The Securities and Exchange Commission Wednesday unanimously voted to ban ‘naked access’ to stock markets by unregistered entities.

By 5-0 vote, the federal regulator ordered brokers to apply risk controls to any orders initiated by customers who are borrowing a broker’s market participation identification code. The controls on financial exposure and on compliance with regulations must be executed before sending in each order.

The vote came in an open meeting Wednesday, 10 months after the ban was proposed by the SEC. The ban is designed to prevent “fat-finger” or other mistaken orders generated by humans or mathematically-driven systems that could disrupt markets.

Such risks were highlighted by the May 6 Flash Crash, where Dow Jones Industrial Average lost more than 600 points in a matter of minutes. The trigger, according to findings by staff of the SEC and Commodity Futures Trading Commission, was an attempt by a large market player – an authorized one – to place 75,000 contracts in E-mini futures, worth $4.1 billion, in a short period of time. Independent research from Instinet and other parties challenge whether that was a large enough amount of trading in a highly liquid instrument to disrupt markets. But it reinforced the need to supervise trades of all types, particularly those that did not go through risk controls before entering one of the nation’s proliferating number of exchanges and venues for trading stocks and derivatives.

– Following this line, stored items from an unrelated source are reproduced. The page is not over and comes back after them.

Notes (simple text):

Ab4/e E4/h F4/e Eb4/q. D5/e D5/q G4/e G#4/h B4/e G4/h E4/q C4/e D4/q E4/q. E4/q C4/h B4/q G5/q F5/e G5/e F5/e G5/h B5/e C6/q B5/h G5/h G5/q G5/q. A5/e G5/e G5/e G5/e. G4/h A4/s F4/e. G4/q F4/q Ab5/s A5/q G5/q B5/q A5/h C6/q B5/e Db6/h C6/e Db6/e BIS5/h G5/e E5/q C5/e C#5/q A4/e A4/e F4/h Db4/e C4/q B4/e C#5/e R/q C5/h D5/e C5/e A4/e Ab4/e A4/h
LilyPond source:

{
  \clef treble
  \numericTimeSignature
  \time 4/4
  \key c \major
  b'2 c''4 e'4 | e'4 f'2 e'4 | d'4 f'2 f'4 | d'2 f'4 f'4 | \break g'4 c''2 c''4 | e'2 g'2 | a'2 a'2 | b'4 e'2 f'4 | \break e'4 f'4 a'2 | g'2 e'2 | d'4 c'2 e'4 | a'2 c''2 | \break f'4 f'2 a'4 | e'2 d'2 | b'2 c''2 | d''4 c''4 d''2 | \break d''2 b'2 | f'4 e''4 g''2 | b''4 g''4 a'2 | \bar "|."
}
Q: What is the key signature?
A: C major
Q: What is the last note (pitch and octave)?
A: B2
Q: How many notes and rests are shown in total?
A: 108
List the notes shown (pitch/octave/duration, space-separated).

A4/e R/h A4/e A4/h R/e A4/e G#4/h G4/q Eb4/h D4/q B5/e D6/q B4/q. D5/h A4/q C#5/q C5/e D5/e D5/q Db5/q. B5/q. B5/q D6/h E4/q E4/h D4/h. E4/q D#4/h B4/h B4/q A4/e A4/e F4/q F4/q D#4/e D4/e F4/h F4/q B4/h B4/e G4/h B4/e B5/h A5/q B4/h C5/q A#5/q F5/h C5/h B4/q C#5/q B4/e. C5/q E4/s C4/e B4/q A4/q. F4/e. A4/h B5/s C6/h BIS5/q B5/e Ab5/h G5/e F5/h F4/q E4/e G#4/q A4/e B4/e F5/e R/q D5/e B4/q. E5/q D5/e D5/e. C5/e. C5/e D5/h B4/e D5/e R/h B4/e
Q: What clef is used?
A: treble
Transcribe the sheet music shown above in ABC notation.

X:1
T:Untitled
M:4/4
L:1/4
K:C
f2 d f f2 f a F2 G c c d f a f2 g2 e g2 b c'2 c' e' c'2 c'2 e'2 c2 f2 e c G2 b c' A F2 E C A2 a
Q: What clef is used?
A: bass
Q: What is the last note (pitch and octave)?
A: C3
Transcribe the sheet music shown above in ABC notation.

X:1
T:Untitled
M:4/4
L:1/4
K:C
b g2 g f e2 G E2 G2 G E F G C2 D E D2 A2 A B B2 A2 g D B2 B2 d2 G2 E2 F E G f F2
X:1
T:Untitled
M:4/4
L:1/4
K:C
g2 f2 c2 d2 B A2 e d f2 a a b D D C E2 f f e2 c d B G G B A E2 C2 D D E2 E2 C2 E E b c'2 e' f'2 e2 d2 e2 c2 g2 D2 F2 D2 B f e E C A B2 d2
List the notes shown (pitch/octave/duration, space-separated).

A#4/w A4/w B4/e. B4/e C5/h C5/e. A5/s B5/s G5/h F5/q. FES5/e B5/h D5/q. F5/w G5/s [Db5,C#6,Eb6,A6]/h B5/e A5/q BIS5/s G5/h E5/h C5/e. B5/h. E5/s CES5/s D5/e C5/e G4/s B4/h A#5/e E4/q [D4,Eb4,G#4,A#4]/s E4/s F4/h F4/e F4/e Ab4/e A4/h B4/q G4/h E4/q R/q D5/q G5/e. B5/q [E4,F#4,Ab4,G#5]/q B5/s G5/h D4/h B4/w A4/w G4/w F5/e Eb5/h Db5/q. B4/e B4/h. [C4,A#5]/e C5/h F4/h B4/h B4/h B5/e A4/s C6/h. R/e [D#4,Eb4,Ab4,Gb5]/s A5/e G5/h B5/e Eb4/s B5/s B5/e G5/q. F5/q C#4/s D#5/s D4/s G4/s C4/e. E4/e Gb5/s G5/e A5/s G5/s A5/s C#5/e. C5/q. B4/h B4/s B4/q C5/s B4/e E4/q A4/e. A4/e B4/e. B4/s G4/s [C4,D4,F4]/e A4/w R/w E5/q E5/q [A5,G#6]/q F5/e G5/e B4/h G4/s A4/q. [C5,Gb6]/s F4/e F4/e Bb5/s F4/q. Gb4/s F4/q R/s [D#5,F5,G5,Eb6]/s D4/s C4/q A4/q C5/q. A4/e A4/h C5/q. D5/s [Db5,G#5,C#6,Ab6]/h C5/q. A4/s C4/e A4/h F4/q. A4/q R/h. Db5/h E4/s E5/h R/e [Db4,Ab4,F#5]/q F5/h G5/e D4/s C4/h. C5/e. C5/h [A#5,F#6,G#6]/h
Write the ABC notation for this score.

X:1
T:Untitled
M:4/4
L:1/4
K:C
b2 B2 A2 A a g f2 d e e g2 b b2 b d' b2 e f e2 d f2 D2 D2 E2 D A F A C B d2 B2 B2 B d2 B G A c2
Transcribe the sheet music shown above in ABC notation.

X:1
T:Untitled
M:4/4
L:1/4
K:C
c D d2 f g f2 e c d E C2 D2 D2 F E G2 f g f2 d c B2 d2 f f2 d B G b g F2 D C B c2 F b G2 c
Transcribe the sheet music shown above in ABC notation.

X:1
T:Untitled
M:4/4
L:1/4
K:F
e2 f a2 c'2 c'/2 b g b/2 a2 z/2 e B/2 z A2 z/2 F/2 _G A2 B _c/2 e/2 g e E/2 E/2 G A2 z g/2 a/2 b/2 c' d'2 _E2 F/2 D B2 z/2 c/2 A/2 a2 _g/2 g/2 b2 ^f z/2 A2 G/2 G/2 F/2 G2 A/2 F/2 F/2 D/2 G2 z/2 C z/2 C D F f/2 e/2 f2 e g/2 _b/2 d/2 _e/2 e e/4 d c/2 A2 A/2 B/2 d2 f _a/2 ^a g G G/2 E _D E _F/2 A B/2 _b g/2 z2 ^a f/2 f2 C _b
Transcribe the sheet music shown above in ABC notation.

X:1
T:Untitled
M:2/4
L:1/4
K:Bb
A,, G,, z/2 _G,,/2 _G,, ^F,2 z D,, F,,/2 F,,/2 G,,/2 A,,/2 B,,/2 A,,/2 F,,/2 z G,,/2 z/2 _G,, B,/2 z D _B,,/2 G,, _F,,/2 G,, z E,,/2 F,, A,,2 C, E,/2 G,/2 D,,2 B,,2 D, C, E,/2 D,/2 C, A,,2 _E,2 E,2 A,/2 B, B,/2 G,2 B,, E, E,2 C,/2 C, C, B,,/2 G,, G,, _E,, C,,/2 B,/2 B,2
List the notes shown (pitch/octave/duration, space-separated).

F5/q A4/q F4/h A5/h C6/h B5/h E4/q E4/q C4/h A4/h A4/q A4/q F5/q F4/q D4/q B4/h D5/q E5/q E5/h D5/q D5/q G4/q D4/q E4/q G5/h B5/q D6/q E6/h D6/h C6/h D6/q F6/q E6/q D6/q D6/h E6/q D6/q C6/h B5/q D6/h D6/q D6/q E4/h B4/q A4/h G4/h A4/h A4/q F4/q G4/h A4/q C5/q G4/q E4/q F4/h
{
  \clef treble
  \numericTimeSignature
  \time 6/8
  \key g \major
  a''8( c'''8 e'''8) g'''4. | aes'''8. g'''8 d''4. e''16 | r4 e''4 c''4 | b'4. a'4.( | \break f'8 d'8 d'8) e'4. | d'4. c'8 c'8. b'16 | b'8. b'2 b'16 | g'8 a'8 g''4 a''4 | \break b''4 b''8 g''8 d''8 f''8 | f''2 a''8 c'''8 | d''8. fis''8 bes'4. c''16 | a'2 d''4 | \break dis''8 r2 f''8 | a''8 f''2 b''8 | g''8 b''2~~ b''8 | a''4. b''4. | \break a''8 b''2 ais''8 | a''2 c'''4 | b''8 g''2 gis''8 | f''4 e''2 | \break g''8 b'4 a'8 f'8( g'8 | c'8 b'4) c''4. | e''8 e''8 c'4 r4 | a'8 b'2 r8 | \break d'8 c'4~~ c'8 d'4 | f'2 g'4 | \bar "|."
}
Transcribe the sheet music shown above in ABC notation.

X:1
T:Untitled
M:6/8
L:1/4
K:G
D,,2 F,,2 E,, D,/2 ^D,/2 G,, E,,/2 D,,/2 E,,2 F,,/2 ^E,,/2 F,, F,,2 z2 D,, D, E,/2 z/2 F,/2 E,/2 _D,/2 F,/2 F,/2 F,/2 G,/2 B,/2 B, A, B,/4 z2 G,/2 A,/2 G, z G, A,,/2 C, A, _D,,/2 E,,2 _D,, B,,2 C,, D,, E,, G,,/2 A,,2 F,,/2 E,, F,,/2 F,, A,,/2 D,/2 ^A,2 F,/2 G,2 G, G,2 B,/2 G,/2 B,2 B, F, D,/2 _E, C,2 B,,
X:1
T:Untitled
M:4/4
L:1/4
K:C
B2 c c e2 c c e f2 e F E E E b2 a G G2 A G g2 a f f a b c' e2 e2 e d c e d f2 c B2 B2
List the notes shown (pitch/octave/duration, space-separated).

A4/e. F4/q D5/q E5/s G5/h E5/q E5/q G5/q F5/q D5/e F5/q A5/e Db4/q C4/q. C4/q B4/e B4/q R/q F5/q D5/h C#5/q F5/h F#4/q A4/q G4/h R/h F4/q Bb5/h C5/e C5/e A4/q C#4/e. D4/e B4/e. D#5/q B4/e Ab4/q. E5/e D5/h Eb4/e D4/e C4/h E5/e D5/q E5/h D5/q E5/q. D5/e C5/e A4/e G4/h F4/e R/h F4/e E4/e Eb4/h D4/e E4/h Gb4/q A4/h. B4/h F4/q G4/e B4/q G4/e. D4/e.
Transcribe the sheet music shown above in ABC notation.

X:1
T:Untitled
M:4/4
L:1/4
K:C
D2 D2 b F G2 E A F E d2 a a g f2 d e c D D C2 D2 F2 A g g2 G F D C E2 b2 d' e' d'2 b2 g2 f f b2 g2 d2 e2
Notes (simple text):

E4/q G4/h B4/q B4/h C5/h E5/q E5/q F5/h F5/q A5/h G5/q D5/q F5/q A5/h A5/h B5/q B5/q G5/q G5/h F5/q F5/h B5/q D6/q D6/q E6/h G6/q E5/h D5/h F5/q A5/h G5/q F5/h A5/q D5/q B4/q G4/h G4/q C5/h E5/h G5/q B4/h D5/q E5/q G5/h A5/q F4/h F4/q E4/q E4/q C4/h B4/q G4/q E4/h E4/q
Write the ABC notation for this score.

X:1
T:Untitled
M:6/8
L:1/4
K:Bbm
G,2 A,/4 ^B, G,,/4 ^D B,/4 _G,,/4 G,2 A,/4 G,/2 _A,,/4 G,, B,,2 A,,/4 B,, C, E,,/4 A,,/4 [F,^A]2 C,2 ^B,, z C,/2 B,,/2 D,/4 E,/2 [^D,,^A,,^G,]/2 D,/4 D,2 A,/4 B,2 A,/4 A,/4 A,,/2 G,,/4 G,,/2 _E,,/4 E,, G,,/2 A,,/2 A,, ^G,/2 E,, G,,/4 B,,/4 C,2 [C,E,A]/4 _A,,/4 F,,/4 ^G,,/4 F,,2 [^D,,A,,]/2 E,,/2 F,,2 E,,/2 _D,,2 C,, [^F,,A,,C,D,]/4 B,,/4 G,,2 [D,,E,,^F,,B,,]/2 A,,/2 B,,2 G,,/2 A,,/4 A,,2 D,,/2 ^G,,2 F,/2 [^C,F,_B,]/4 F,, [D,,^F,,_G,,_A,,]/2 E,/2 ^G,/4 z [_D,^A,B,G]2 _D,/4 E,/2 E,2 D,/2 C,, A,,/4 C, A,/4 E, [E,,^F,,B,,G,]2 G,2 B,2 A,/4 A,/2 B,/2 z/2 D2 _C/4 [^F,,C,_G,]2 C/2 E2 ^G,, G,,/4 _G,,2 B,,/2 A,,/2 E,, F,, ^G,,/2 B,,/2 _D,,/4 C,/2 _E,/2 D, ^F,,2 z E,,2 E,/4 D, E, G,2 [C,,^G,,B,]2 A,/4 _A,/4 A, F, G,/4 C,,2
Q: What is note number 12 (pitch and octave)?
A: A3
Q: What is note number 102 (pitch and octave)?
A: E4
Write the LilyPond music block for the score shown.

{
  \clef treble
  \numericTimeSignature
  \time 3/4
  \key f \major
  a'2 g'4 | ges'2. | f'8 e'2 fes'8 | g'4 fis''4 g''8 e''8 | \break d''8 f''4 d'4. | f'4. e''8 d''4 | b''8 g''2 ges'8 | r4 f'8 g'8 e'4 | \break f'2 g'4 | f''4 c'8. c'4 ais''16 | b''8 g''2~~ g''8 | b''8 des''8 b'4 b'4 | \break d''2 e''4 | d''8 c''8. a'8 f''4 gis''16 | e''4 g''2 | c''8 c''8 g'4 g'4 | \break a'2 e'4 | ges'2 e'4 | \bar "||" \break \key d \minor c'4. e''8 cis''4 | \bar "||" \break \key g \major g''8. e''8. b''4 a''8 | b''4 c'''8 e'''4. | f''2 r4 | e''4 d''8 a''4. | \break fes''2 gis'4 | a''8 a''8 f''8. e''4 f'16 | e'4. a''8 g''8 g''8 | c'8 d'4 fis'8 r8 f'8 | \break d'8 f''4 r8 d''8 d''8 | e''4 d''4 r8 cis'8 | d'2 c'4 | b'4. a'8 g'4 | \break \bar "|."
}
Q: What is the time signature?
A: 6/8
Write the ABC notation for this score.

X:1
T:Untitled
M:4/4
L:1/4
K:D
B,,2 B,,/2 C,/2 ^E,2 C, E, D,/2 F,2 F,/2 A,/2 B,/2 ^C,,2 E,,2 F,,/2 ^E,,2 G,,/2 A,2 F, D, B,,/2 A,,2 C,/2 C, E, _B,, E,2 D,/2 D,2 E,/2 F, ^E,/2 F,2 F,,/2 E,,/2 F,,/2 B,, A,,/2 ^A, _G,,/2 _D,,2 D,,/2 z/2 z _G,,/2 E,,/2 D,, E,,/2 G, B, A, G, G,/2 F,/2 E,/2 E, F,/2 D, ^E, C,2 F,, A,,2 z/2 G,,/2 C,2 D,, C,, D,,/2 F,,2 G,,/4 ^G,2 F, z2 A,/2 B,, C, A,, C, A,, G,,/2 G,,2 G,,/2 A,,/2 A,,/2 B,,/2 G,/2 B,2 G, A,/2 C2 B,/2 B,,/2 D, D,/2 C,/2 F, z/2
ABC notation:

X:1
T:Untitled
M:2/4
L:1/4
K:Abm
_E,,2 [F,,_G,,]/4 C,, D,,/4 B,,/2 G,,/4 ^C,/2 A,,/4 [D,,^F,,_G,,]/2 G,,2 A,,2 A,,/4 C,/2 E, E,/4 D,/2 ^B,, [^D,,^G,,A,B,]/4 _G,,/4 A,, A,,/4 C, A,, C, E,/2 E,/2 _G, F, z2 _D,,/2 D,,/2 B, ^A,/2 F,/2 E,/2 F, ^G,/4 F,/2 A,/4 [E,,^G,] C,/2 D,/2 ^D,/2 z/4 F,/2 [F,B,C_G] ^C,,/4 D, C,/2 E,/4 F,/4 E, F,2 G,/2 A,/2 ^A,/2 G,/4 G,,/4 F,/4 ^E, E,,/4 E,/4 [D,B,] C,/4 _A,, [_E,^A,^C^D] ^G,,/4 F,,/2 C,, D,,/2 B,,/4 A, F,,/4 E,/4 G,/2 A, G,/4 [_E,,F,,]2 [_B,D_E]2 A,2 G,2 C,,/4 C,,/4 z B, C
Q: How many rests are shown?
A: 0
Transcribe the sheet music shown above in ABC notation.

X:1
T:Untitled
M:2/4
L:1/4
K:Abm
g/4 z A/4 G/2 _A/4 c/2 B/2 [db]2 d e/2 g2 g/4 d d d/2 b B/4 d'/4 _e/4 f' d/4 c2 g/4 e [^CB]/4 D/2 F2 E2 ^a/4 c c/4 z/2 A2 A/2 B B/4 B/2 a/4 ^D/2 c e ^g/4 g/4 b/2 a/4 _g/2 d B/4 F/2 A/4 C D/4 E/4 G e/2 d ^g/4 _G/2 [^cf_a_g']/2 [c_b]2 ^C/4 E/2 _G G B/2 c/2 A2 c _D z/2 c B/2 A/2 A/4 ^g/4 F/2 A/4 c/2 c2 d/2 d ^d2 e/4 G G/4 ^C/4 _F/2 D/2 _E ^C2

“The potential impact of inappropriate trading has become more severe as our securities markets have become more automated, and high-speed trading more prevalent,” SEC Chairman Mary Schapiro said at the Wednesday meeting. “Additionally, as the events of May 6 demonstrated, the financial markets today are highly inter-connected, and an event in one market can rapidly spread throughout the financial system.”

Naked access accounts for about 38% of U.S. equities trading, according to Aite Group.

The rule containing the ban will take effect 60 days after it is published in the federal register. Brokers will have six months more to comply.